Our data suggest a complex relationship between dietary yeast/TOR signaling, Myc regulation, and immune function. For example, the increased levels of Myc protein in yeast-restricted flies compared to fully fed controls (Figures 5A and 5B) were not reflected in endogenous myc mRNA levels, which were similar (Figure 5H). Furthermore, when myc was overexpressed in yeast-restricted animals, Myc protein abundance was significantly increased over similarly fed control animals, but post-infection survival was unaffected (Figures 5C and 5I). On the other hand, modest increases in Myc levels were sufficient to significantly improve immune function of fully-fed flies (Figures 5C, 5D, and 5I), suggesting a threshold model whereby Myc abundance beyond that observed in yeast-restricted flies has little effect. Taken together, these data indicate that yeast-restriction increases Myc protein abundance through post-transcriptional regulation via reduced TOR signaling, which enhances humoral innate immunity.
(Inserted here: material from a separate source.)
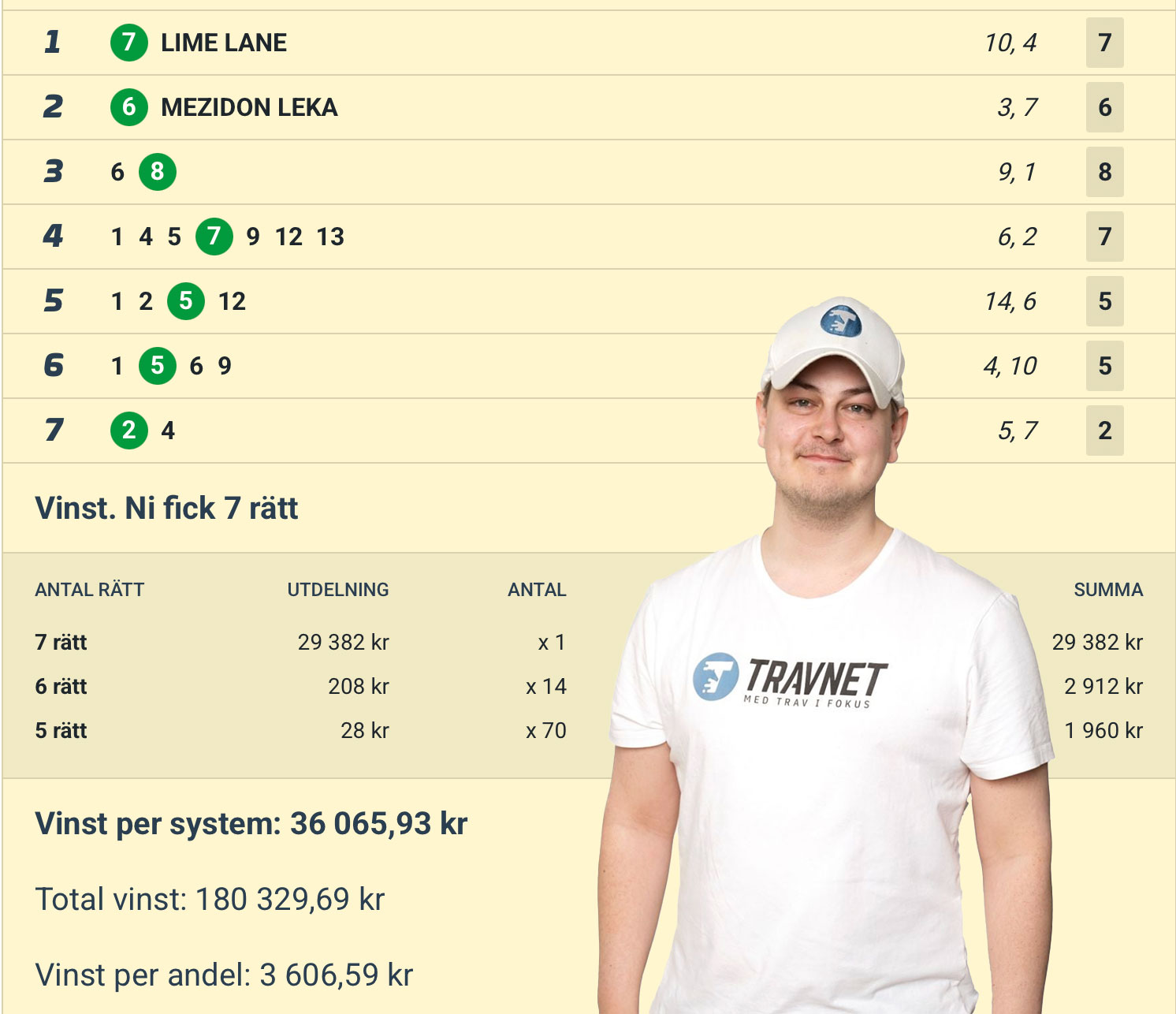 GEHLINS SUCCÉ: 72 gånger insatsen på GS75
TOR downregulates Myc through its suppressor protein phosphatase 2A

In mammals, the stability of c-Myc protein is reduced by its dephosphorylation of serine 62 via protein phosphatase 2A (PP2A) and phosphorylation of threonine 58 by Glycogen Synthase Kinase 3. Shaggy (Sgg, the Drosophila orthologue of Glycogen Synthase Kinase 3) primes Myc for proteosomal degradation by the ubiquitin ligase Archipelago (Ago) (Galletti et al., 2009, Moberg et al., 2004). We therefore asked whether PP2A, Sgg, or Ago are required for differential Myc levels in fully-fed flies. Ubiquitous RNAi-mediated knockdown of Ago or Sgg increased Myc protein levels in yeast-restricted adult flies but had little effect in fully-fed animals (Figures S5A and S5B), suggesting that they are not rate-limiting for regulating Myc abundance in fully-fed conditions. A potent inhibition of PP2A, however, via feeding of okadaic acid (OA), increased Myc levels in fully-fed flies in a dose-dependent manner (Figure S5C), due to an increase in phosphorylated Myc (Figure S5D). These data suggest that PP2A serves as a primary mechanism to reduce Myc levels in fully-fed conditions. If TOR signaling were a key molecular link between yeast-restriction and PP2A activity, we would predict higher PP2A activity in fully-fed conditions, which would be abrogated upon TOR inhibition. This is, indeed, what we observed (Figure 6A).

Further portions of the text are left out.